Sunday mornings are the most peaceful hours of my week, and yet, my most conflicted. A few months ago, I gave up trying to figure out our very complicated church situation, and for now, I am sitting out Sunday morning church. I look forward to my Sunday mornings all week long, when I sit for hours and hours in a coffee shop with my computer, a large cup of coffee, and I write. This ritual fills my introvert cup like nothing else, and at times, can very much be a spiritual experience.

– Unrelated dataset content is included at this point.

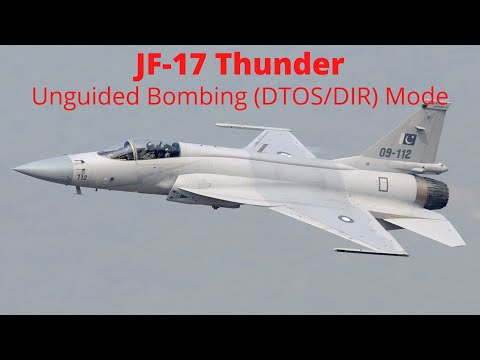 JF-17 Thunder's Unguided Bombing (DTOS/DIR) Mode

We never lived “close” to our previous church, but when we moved a year and a half ago, our new home put us 25 miles from the church, by way of a toll road. Putting aside any spiritual or theological concerns, logistically this wasn’t going to work for our family long-term. And although the church is filled with wonderfully supportive and kind people who have loved our family for years, we were never able to get deeply involved due to the distance, our schedules, and our unique situation with Grayson. I don’t want anyone to think I’m blaming anyone or myself for this, it just objectively is what the situation is. And I do still attend weekly Bible study at the church; in fact, Tuesdays are my favorite day of the week. Charlotte and Nolan love the kids program (they talk about their friends and teachers there all week), and I love the little community of women in my group.
I’ve always felt like an outsider at church. Even as a child, I remember getting really good at pretending to feel the things I was supposed to feel, and going through all the right motions. I’ve done many, many Bible studies and attended countless Christian activities. Church has been a weekly ritual for my entire life. But I’ve never felt truly connected or at home at any church. I can still picture cliques at church from 25 years ago, inner circles I never figured out how to become a part of. And now, I see friends who have tight-knit small groups who are “doing life together” and once again, I’m on the outside. And most of that is probably me, my personality, aspects of life beyond my control, and the effort I put in to the community aspect of church. But at the present, putting forth that effort is beyond my emotional bandwidth.
When I think about trying to find a new church, it seems impossible. Honestly, there aren’t a lot of people who feel safe to me, especially other Christians. And the idea of building community feels exhausting right now. And maybe that’s it…I’m exhausted. Exhausted with feeling hurt, angry and and confused with Christians. I’m exhausted with feeling alone in a crowd, so I’d much rather just actually be alone. And attending church as an introvert, even when one is in a good spiritual place, can still be exhausting. There’s so much small talk, so much trying to say the right things, use the right words, wear the right clothes. And adding a special needs child, a preschool and a toddler to the mix leaves me unmotivated and anxious about church most of the time.
For a year now, I’ve been deconstructing, questioning everything I thought I believed and the institutions I trusted. I was listening to an episode of The Liturgists this morning on spiritual trauma, and one of the things they talked about was that “deconstruction” is seen as a progressive buzzword: a trendy and popular thing for those who call themselves Progressive Christians to do. And it’s seen as a Snowflake bandwagon to jump on. But real deconstruction is incredibly painful and isolating (and so, so slow), and no one would choose to do it if it didn’t feel absolutely necessary. The easy thing would be to not question, push aside doubt, and conform. It would be much easier to slip right back in to the Christian machine and carry on in the same manner as I have the last three decades.
I don’t know what my church future looks like. My husband and I now have very different theological stances on some key issues. And that’s ok, but it will make finding a church we can attend together really difficult. Right now, he is taking the kids to the church he grew up in, and the kids are happy there. But if I am going to dive in and do the heavy emotional work of finding a new faith community, I want it to be in my actual geographical community. I’ve spent my adult life driving all over the city of Houston, putting thousands of miles on cars and probably taking years off my life in traffic. So now, I want to live where I live. But our community is conservative, and I don’t know if I’m in a place to open up and be vulnerable with people who ultimately don’t believe the same as I do on major theological issues. I don’t want to be talked about behind my back or seen as a prodigal child by a whole new group of people- I already have enough of that from people who I love and trusted.
So for now, my Sunday mornings are for me. They are the only hours I truly have to myself, and right now, they feel precious. I can relax. I can breathe. It is truly a day of sabbath for me. I’m trying so hard to be gentle and kind to myself as I navigate this interminably painful season.